I stopped at various places along the way south. I did have a female Bufflehead
near the marina, and a few Greater Scaup at several locations. Still no Suft
Scoters that I could see.
At the Delta, there were 4 Tundra Swans, and 7 White Pelicans. I walked along
the edge of the mud towards the furthest part of the bay, when I spotted a very
bright, fat bird on the mudflat. There were several American Pipits nearby, and
a few Least Sandpipers. After watching this bird for about an hour, I was
convinced it was a Longspur, but I wasn't sure what kind, since I had stupidly
left my guidebook back in the car.
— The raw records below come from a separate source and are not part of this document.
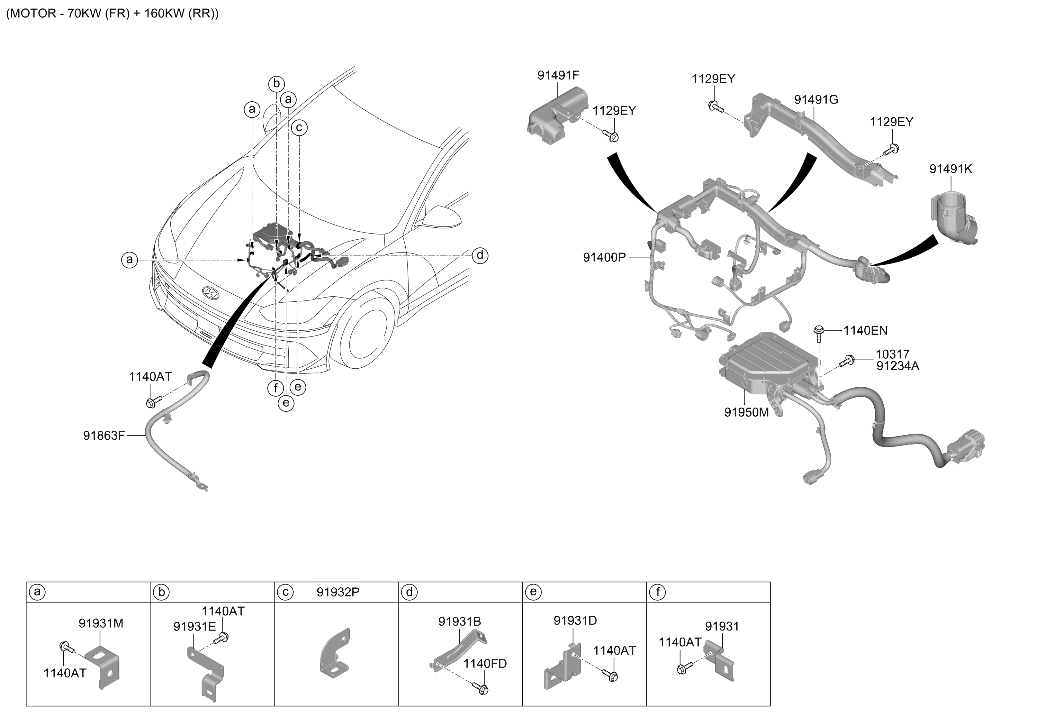 91958-KL210 Hyundai Junction Box Assembly High Voltage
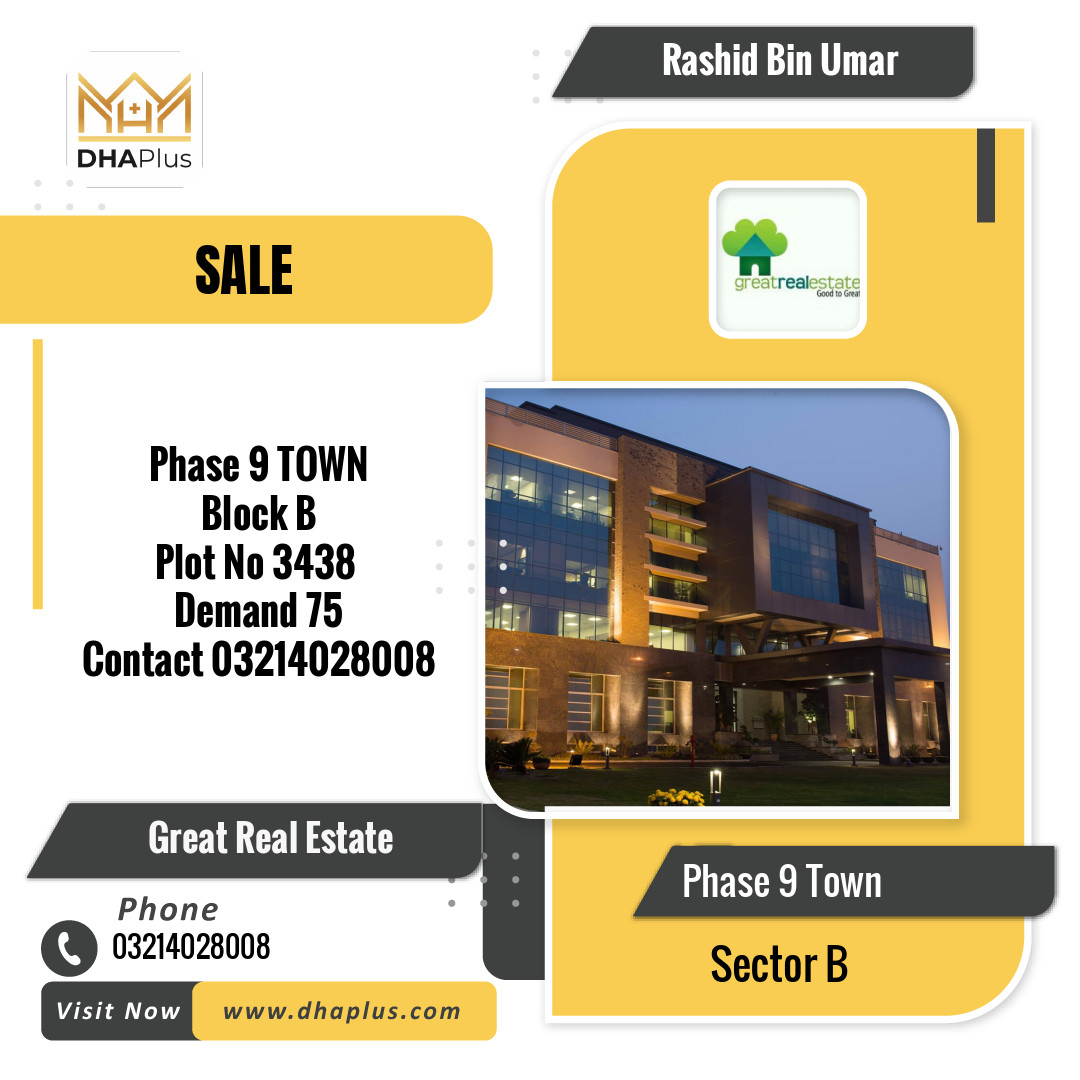 5 Marla Residential Plot for Sale in Sector B - Phase 9 Town, Lahore - (DP-38531)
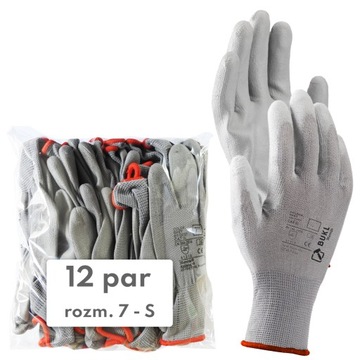 Rękawice robocze 3Kamido BUKL SZARE r. 7 12 par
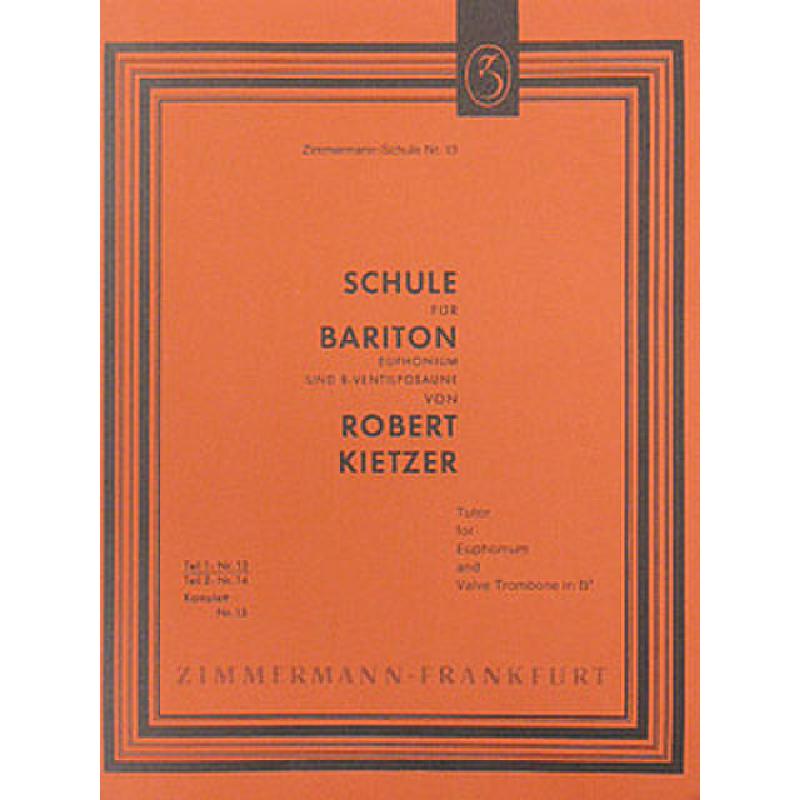 Titelbild für ZM 80013 - BARITONSCHULE 1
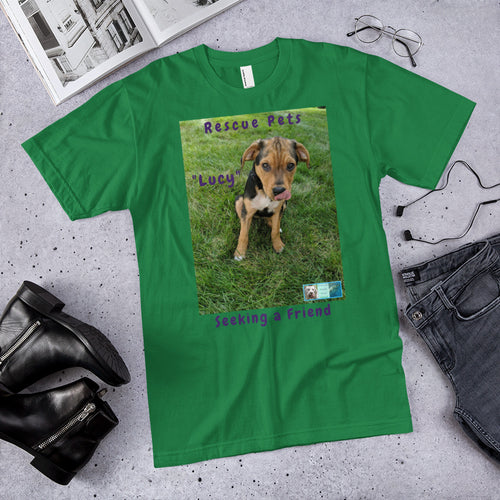 Unisex Fine Jersey Short Sleeve T-Shirt - Rescue Pets Collection - 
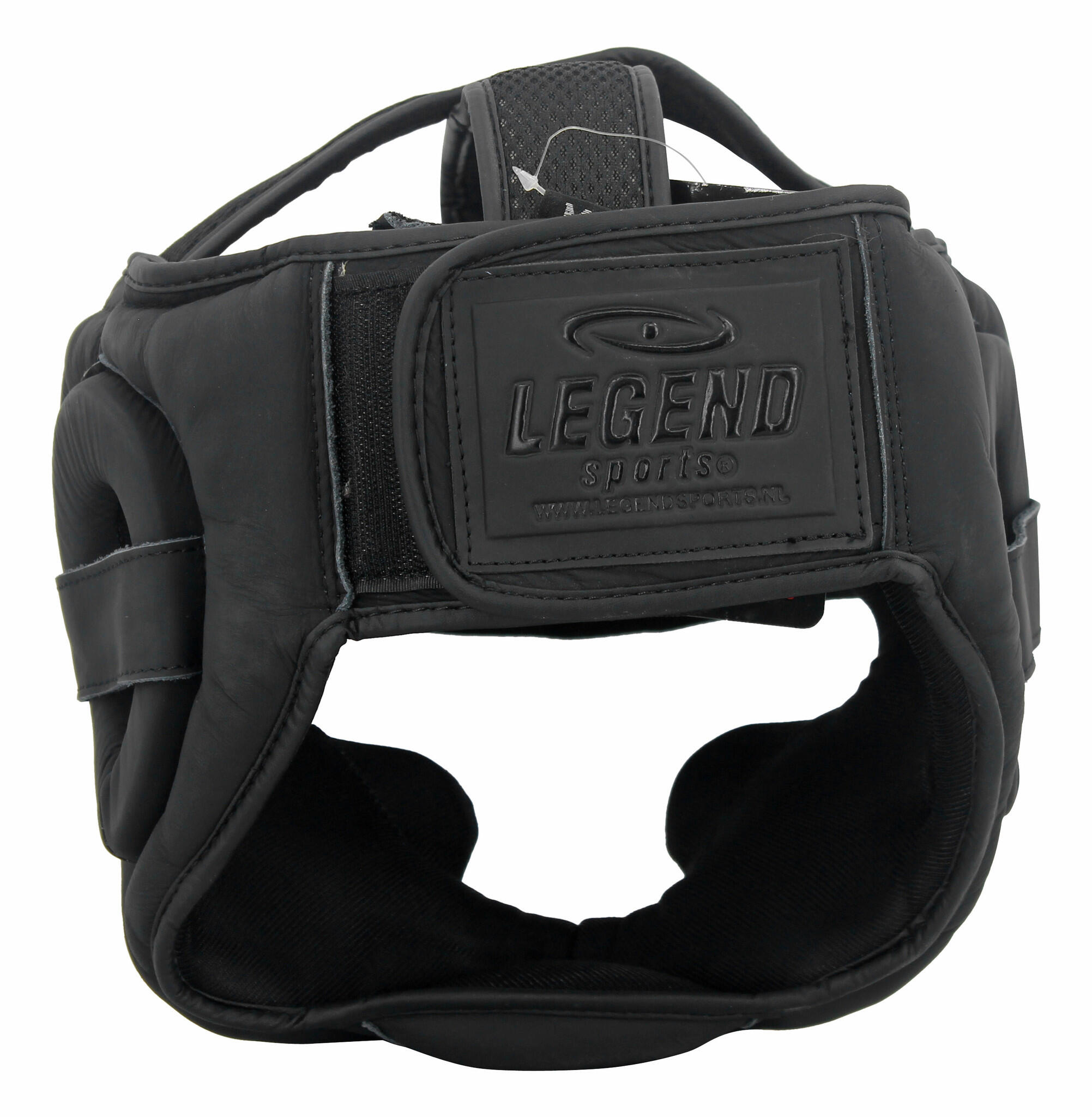Hoofdbeschermer Leder PRO Mat Zwart - Zwart - 100% Premium Runderleder - Goede 5/5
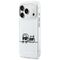 Karl Lagerfeld IML Karl &amp; Choupette Peekaboo Logo MagSafe Case for iPhone 17 Pro Max - White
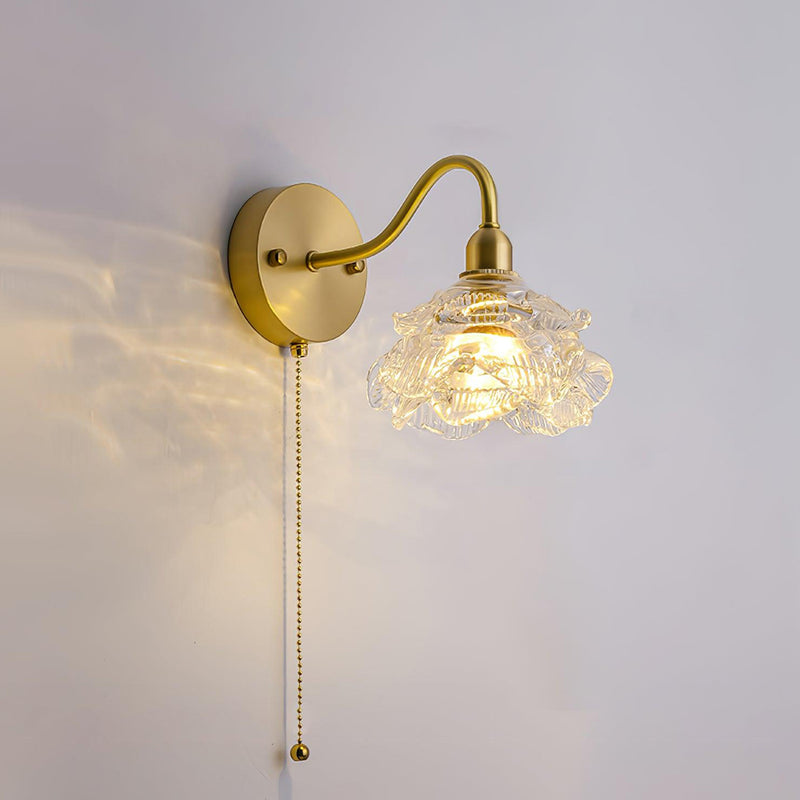 Ross Randy Pull Cord Wall Lamp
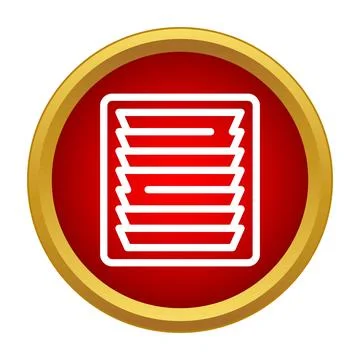 Ventilation duct or air conditioner vent icon Illustrazione stock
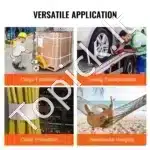 Poliesterio Tempimo Juosta Kabelių Traukimui, 80.8 m Ilgio, 1.9 cm Pločio, 1134 kgf Tempimo Jėga, Balta - Image 5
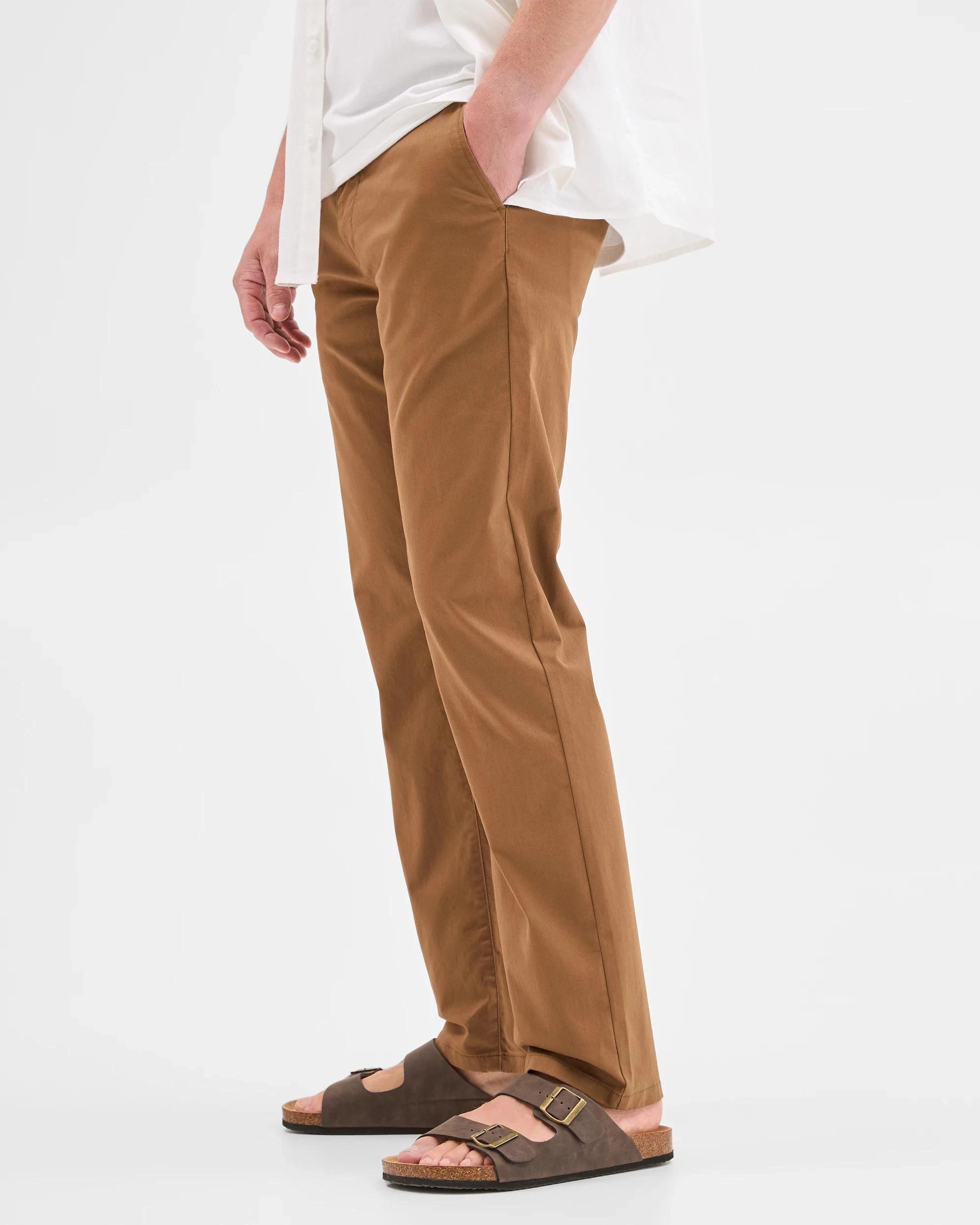 4 Target Australian Cotton Rich Straight Chino Pants SEPIA, 4 of 7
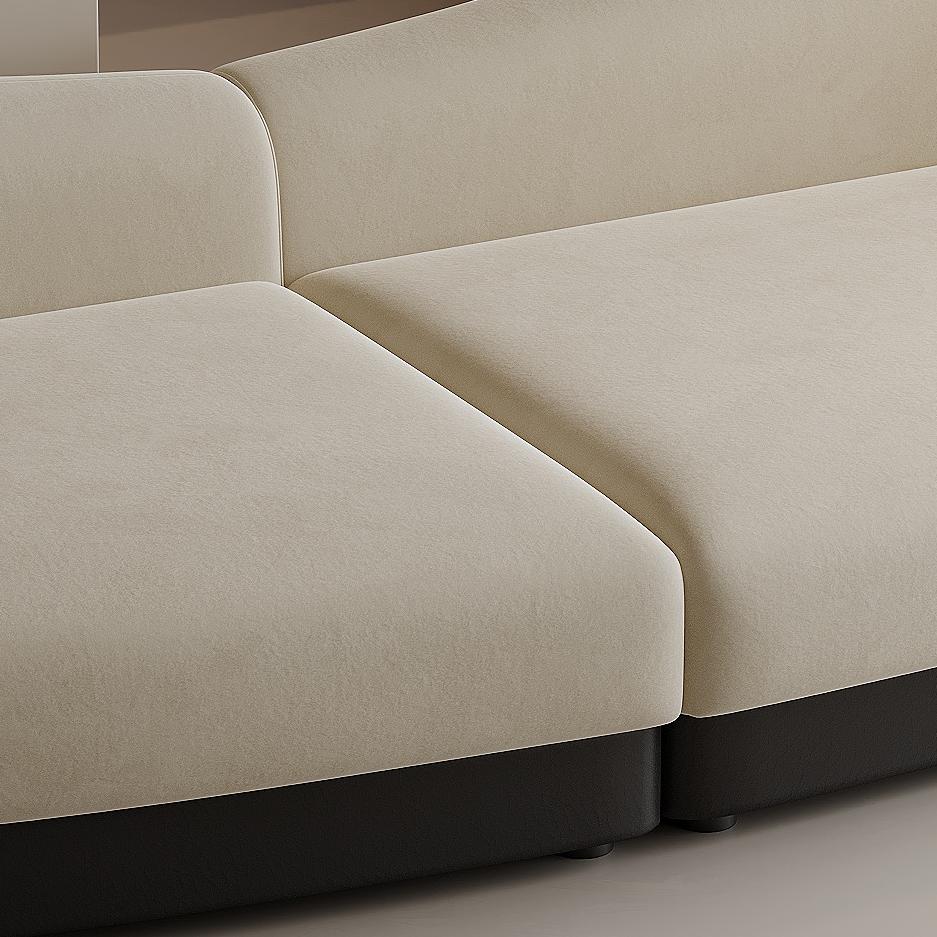 Canapé incurvé en velours haut de gamme Arcana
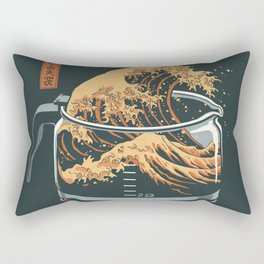 The Great Wave of Coffee Rectangular Pillow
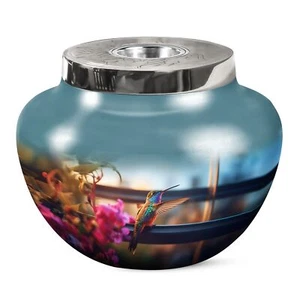 Humming Bird Funeral Urn Adult Male Ashes Large Urns For Women Human Ashes - Picture 1 of 7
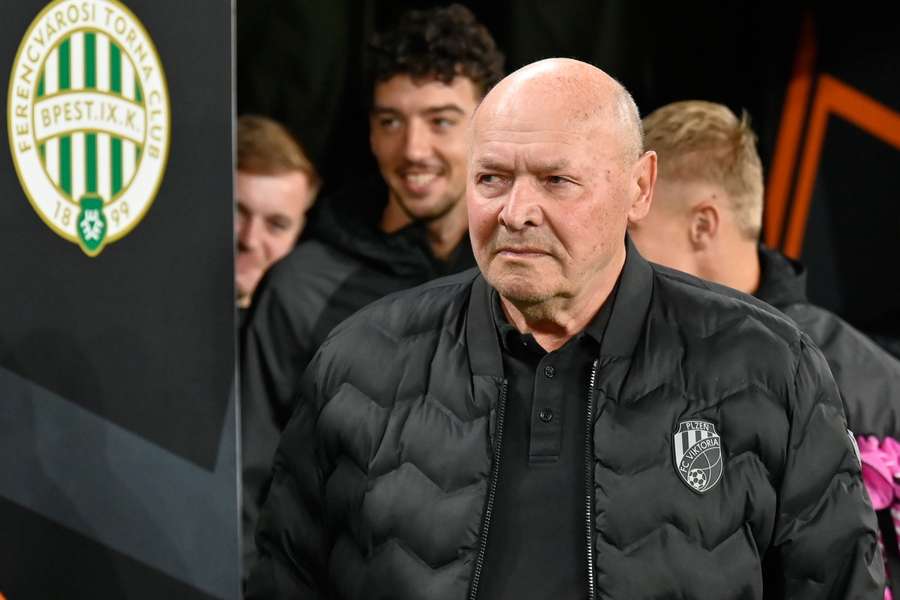 Plzeňský kouč Miroslav Koubek.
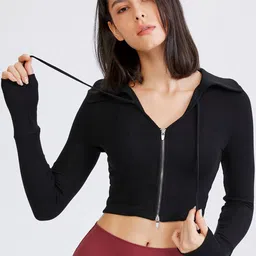 JC Collection Mock Collar Lightweight Dry-Fit Training or Gym Sporty Jacket-image-21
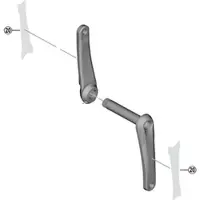 Shimano Schutzfolie FC-M8100 165/170mm Aufkleber - 170mm.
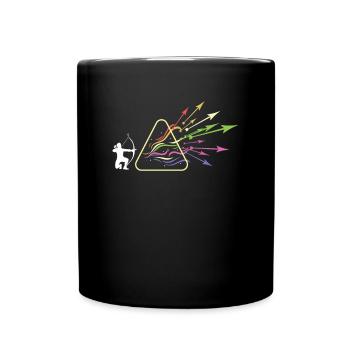 Archer Prism Rainbow Light Physics - Mug uni - noir - Devant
I retrieved the book and returned to watch
the bird, and I am pretty certain it was a Lapland Longspur. I believe it was
an adult male in nonbreeding plumage. It had long, drooping wings with long
dark primary tips, and the greater wing coverts were rufous, with a thin white
wing bar. The face was very buffy, almost ocher-colored (but maybe that was the
lighting). A short distance behind its eye was a black line that circled around
its cheek. Outside of this dark line was some white. The nape was chestnut.
The belly was white with some broken streaks along its side and along its
shoulder. It also had a triangular black patch on its breast. I never could
see its tail pattern--any white on its tail was hidden, and it never flew. It
had 2 dark stripes on top of its head. I have really no experience with
Longspurs, so if someone has a better idea, please let me know. I do know that
this bird is a lot easier to see, waddling around an open mudflat, that to try
to find one in a field, flitting around with several hundred horned larks!
If someone wants to find this bird, I can tell you that for the 2 hours I
watched it, it never moved more than 10', and it was eating non-stop (I swear it
was waddling when it walked). Take the delta dirt road (by the lone cottonwood
tree--let me know if you don't know where that is). At the fork, stay left and
park at the wide spot in the road. Walk down towards the beach, but stay near
the vegetation line (it is pretty mucky in spots). Walk south about 250-300',
and look for the tire about half-way between the water and the vegetation line.
About 50' south of that is a somewhat flattened aluminum can, and just south of
that is a small wet spot, 30-50 feet in from the shore. That is where the bird
was hanging out.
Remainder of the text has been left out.